- WHAT YOU SHOULD DO
Only the lines from the one with "VENDO CASA ESQUINERA EN CATAY (1 PISO)" to the end of the data below should be given again, exactly, with both ends included and pictures omitted.

-------

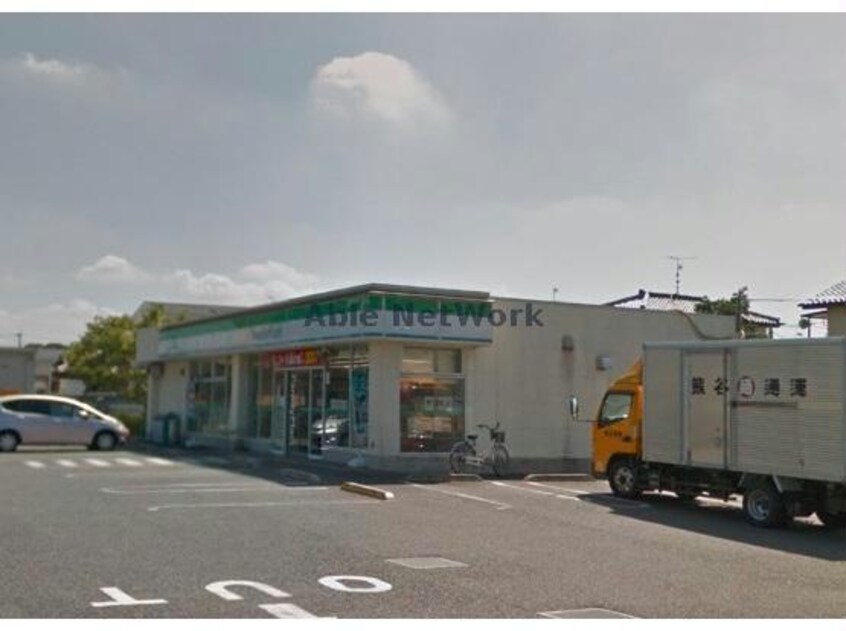 ファミリーマート深谷西大沼店(コンビニ)まで684m ヒカルサ深谷ノース（深谷市西大沼）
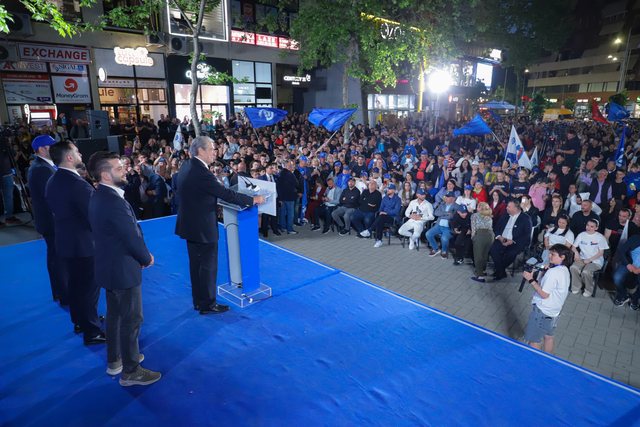 Berisha: Kongresi i PPE votoi rezolutën në të cilën i jepet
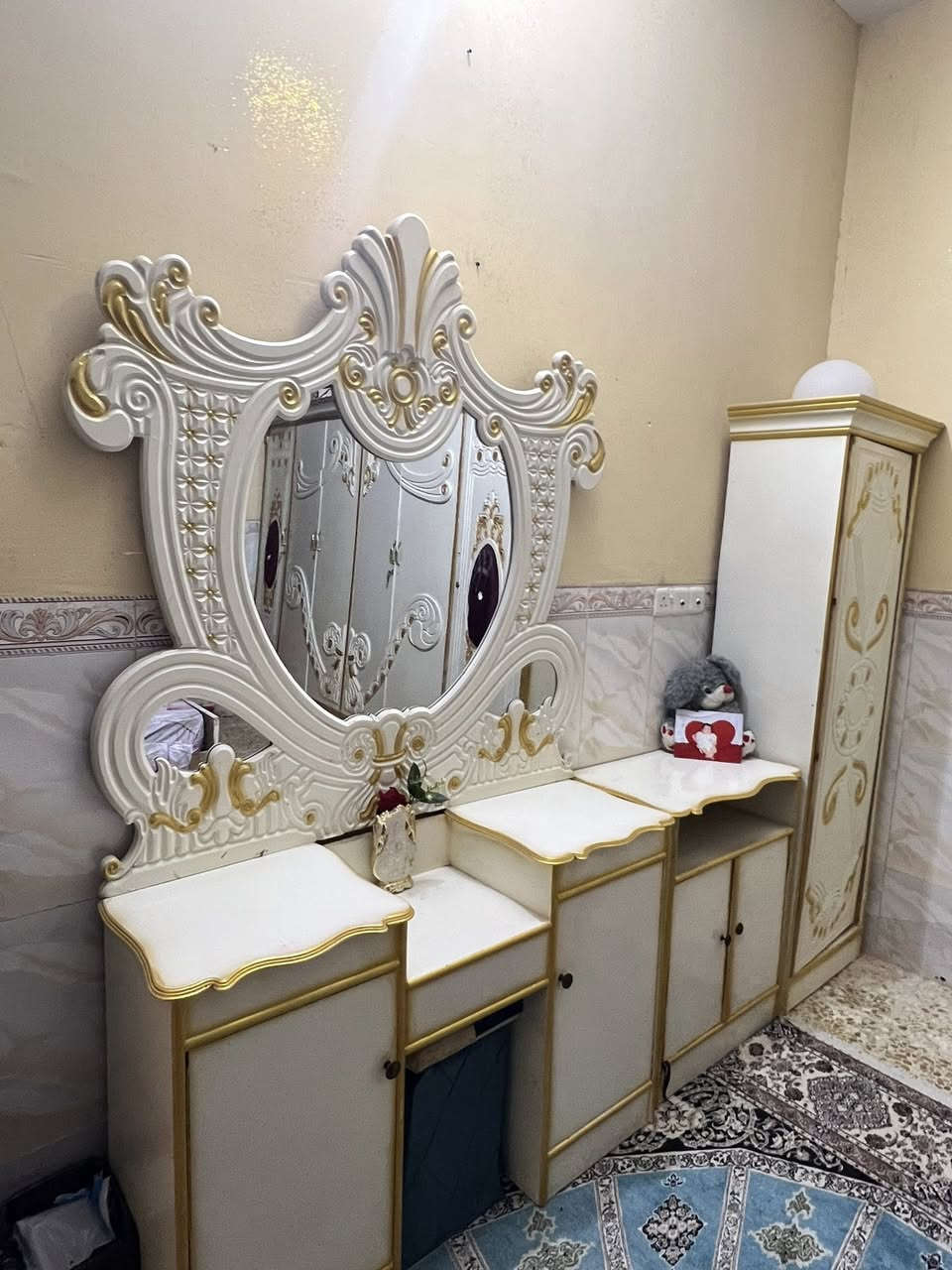 غرفه اخشاب عراقي مرتبه حيل و نضيفه و سعرها مناسب كامله ما بيها نقص للتواصل ***********
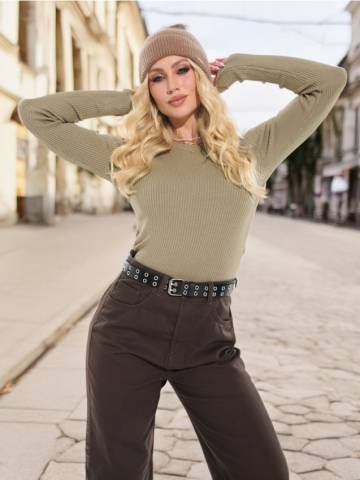Светр slim fit - коричневувато-зелений Светр slim fit - коричневувато-зелений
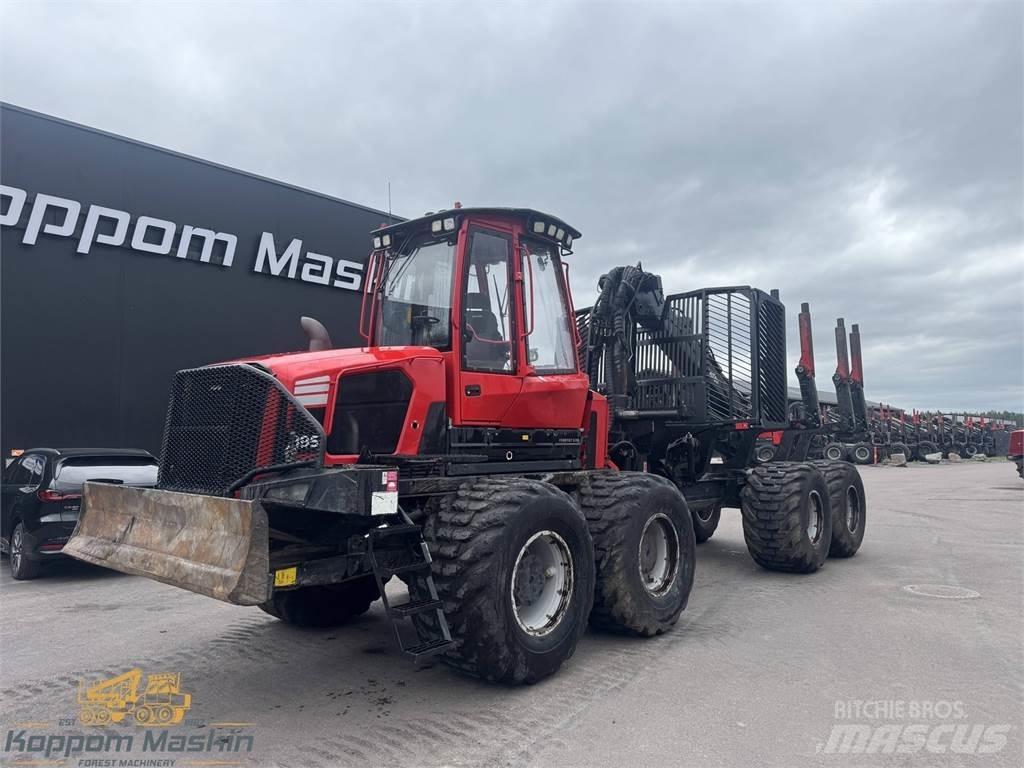 Komatsu 895 Форвардеры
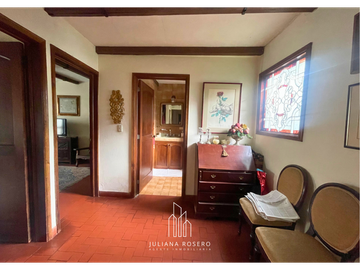 VENDO CASA ESQUINERA EN CATAY (1 PISO)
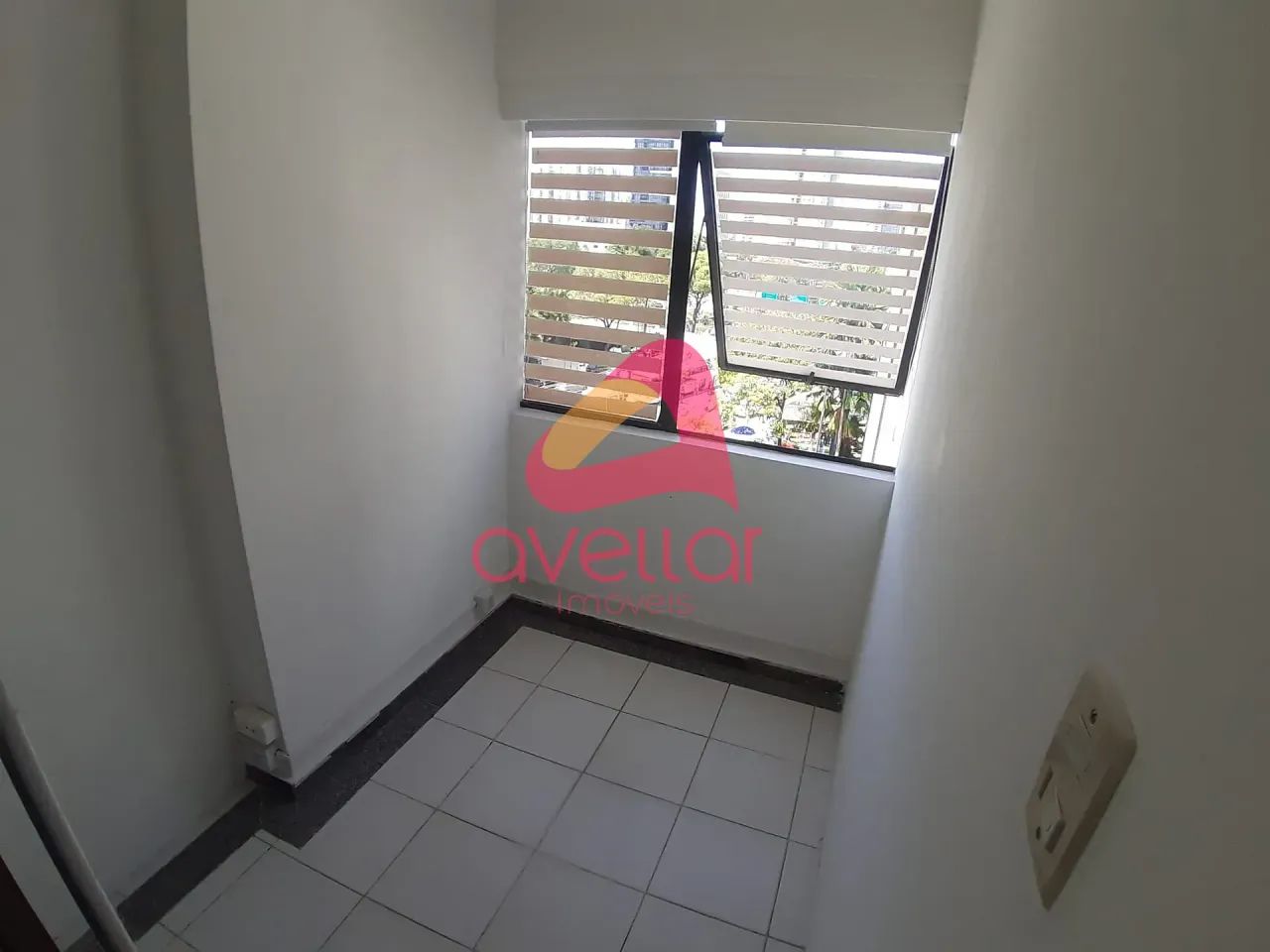 Sala comercial para alugar no Espinheiro, Recife, PE - Foto 4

-------

- EXERCISE OUTPUT
 VENDO CASA ESQUINERA EN CATAY (1 PISO)
 Sala comercial para alugar no Espinheiro, Recife, PE - Foto 4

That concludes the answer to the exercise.